Bubba Watson and Francesco Molinari set early PGA pace
FIRST ROUND LEADERBOARD: -4 B Watson (US), F Molinari (Ita), M Kuchar (US)*, E Els (SA)*, N Watney (US)* -3 J Day (Aus), R Moore (US), C Howell III (US), G Fernandez-Castano (Sp)*, D Clarke (NIre)*, S Khan (Eng)* Selected others:-2 M Laird (Sco), S Lowry (Ire)*, -1 T Woods (US), R McIlroy (NIre)*, P Mickelson (US)*, +3 P Harrington (Ire), +6 S Garcia (Sp) * denotes players yet to complete their first round
Francesco Molinari played the last five holes in three under
Bubba Watson and Francesco Molinari shared the clubhouse lead after day one of the USPGA Championship.
They were joined at four under by Ernie Els, Matt Kuchar and Nick Watney who were left out on the course with holes to play when bad light curtailed play.
Play had begun more than three hours late because of early fog.
Meanwhile, Tiger Woods was menacingly positioned three shots off the lead after a 71 while Darren Clarke led the UK challenge on three under.
Clarke will resume his first round at Whistling Straits, Wisconsin, on the 14th after narrowly missing a birdie putt on the 404-yard 13th which would have seen him join the five players at four under.
Fellow Northern Irishman Rory McIlroy, playing in the group behind Clarke, found himself three over after four holes.
But he produced some exhilarating golf late in the day to get back to one under after 13, only for the hooter that signalled the suspension in play to bring a halt to the rounds of dozens of players still left on the undulating fairways bordering Lake Michigan.
Clarke, returning to the venue where he led in 2003 after a course record 65, shared the honour of being best UK golfer on Thursday with Simon Khan.
Englishman Khan, most famous for winning Europe's PGA Championship at Wentworth in May, just had time to rattle in his birdie putt at the 16th, his seventh hole, before facing the prospect of playing 29 holes on Friday.
Watney, off the radar for much of the day, produced an eagle at the 11th at about the same time to join the group on four under and make it a five-way tie at the top.
Italy's Molinari, the sole European in that quintet, produced a brilliant finish with three birdies in his last five holes.
With both the US Open and Open Championship this year having been won by long shots from the European Tour, Molinari does not face an impossible mission to be the third in a row to do it in a major.
Woods looms large after a round of 71 from the world number one
And he said afterwards: "Tiger is going to get back to his standards, and Phil (Mickelson) is going to win more majors.
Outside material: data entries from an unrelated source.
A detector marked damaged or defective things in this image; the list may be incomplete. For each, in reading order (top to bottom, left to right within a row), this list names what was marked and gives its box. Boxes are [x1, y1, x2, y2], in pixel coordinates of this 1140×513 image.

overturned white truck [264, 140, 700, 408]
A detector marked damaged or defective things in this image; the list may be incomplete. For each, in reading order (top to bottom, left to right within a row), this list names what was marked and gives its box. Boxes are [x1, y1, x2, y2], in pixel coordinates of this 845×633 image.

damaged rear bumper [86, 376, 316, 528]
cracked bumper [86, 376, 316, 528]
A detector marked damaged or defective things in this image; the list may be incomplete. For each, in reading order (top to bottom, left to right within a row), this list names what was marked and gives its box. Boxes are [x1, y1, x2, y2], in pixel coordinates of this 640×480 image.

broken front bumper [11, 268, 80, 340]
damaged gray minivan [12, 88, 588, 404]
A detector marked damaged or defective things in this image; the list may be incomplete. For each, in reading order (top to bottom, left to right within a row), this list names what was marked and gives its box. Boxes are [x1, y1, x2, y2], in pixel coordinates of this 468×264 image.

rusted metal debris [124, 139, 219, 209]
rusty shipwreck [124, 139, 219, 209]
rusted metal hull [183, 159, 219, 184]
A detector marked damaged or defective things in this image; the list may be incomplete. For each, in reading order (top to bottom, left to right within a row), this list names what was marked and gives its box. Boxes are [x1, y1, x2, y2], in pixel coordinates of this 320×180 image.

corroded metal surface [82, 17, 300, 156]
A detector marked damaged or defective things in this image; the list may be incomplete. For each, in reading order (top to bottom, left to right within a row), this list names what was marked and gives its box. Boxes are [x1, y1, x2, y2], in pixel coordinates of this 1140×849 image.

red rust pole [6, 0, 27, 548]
You just need to play really well and try to grab the occasion when you have it."
With so much rain on Wednesday and in the week before the tournament, the course that looks like a links played more like an inland PGA Tour course, with soft conditions.
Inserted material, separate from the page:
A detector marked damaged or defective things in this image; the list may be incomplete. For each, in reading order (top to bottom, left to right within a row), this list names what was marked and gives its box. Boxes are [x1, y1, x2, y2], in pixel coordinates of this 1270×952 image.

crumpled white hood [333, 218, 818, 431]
It was suited perfectly for Watson, one of the biggest hitters in golf. Of all his birdies, none showed off his power quite like 587-yard fifth hole, the first on the back nine, with the wind at this back.
Ignoring the bunkers and water to the right, Watson hammered his drive so far - 445 yards by his calculations - that he had only a lob wedge for his second shot and an easy two-putt birdie.
"It makes it a little easier, I guess, when you do that," said Watson, whose first PGA Tour victory came in June.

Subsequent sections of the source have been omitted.